Single Track Mind
When Bernie steps up to the plate in a baseball game and faces the pitcher he shuts everything else out of his mind. He is not thinking about his batting average and what this trip to bat will do to raise it or lower it, whatever happens, nor does he try to remember the games won and lost by the pitcher he is facing. He concentrates on hitting that ball just as far and just as straight as he can. In other words, he loses himself in the game.
That is what makes a winner. A player with one eye on the grandstand and the other on the scoreboard is not going to get a very good look at the ball speeding toward him. So the boy mowing grass will do a ragged job if his mind is on quitting time and his pay. The girl practicing her piano lesson will not do her best if she keeps looking out the window to see if her friends have arrived yet. She must count the time of the notes and not the number of times she has run through this one sheet of music.

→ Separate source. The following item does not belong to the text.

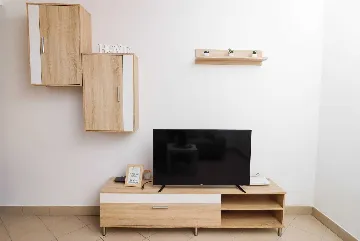 One-Bedroom Apartment for Up to 3 in Koper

Jesus said, ". . . whosoever will lose his life for my sake the same shall find it" (Matthew 16:25). This is, of course, much more important than a game of ball, but Jesus didn't expect us to go through life without having any fun. He does expect us to give our best to him and with as much energy and enthusiasm as we do when playing a game.
A follower of Christ needs to have a single-track mind. He travels in one direction only. He allows nothing to sidetrack him or swerve him from his course. He doesn't go back to the starting point for a second chance, but goes forward from where he is.
Take my life, O God, and let it belong completely to yourself.